The first harvest of grapes were juiced, and jelled. The second harvest is underway over the next few days. The results were so delicious that more is going to be made, then the remaining grapes left for the local wildlife that also enjoy the spoils of the garden and orchard.

Some years the garden overwhelms with tomatoes and there are no cucumbers except those purchased at the Farmers’ Market. Some years the tomatillos don’t grow or seedlings can’t be found. This year, the tomatoes are the scarce commodity in our garden, the plants never looked very healthy, the fruit output poor. Tomatoes can be purchased by the box at a local organic practices farm for $1/pound, but I’m not sure that economically it is worth the purchase. There are 21 pints of tomatoes canned, 9 half pints of pizza sauce, and I am still gathering a few tomatoes each day or two and freezing them to make another batch of some sort of tomato product; pizza sauce, tomatoes with hot peppers, or spaghetti sauce.

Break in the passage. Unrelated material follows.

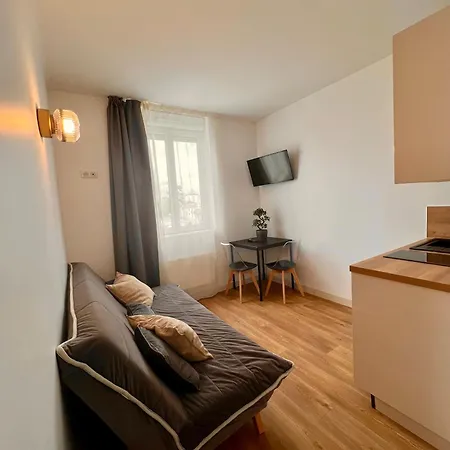Appart' Hotel Le Cygne Gare Bourges Habitación foto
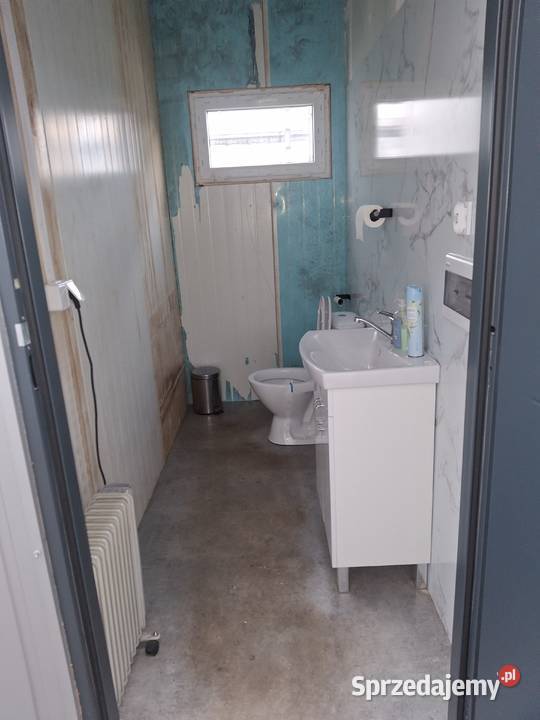 Zestaw kontenerów biurowych Radomsko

The fruit trees weren’t hit this year with a bloom frost and the fruit is too plentiful. The peach trees had fruit for the first time and every peach had worm damage and didn’t ripen. The Asian Pears are so heavy with fruit that several branches broke, I should have thinned the fruit. Lesson learned. Today I cut out the broken branches and picked some of the pears to hopefully prevent further damage. The apple trees look like they have a fair amount of fruit too, but the deer have eaten all that they can reach. It is going to take a ladder to get what is left unless I can reach it from the tractor seat.

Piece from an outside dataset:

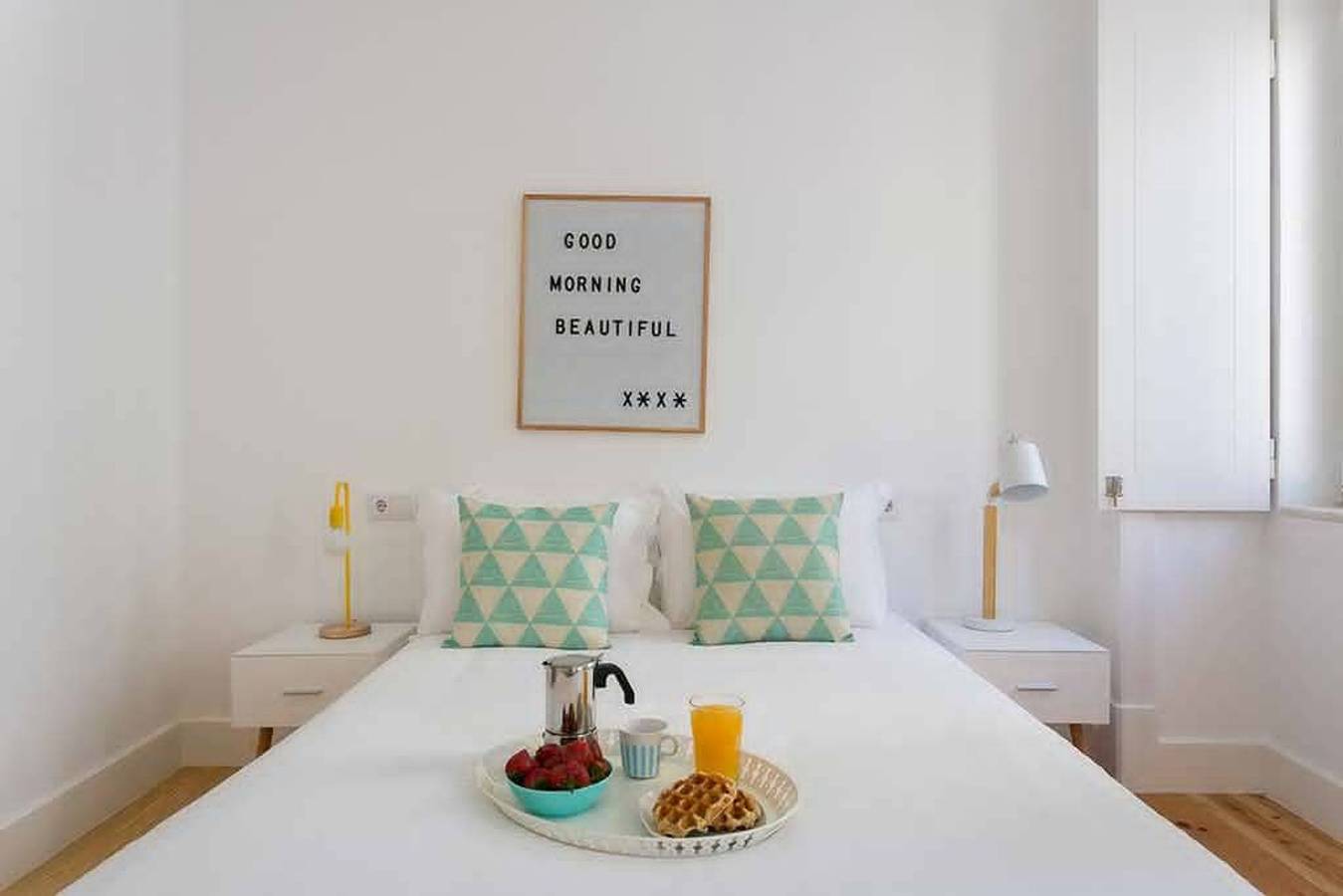 Appartamento intero, Guestready - Trendy stay with sea view in Lapa in Lisbona, Costa de Lisboa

We started our orchard with 3 peach trees. When I started raising chickens, I deliberately put the run around one of the trees for shade and put rocks around the trunk so they wouldn’t damage the roots. That tree did not survive the chickens scratching and possibly the hot fertilizer they produce. The largest tree got out of control and I cut it back severely a couple of years ago and have tried to keep it properly pruned since. It had the most, largest but most damaged fruit this year. The third tree near it produced some small hard peaches, but looks like it isn’t going to survive.

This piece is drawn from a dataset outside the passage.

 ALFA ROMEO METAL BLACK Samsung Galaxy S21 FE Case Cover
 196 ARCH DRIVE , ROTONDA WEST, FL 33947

Winter before last I took a pruning class, but maybe I need a class on how to raise fruit organically so that the fruit is usable, or accept that I will have pears and apples only. My little fig is growing, but there won’t be fruit from it this year and the 3 year old plum keeps getting the new growth nipped by the deer, so I guess it needs a fence.

Another round of garden harvest will happen this evening and if I get enough additional Tomatillos, another batch of Tomatillo simmer sauce with jalapenos will be made in the morning.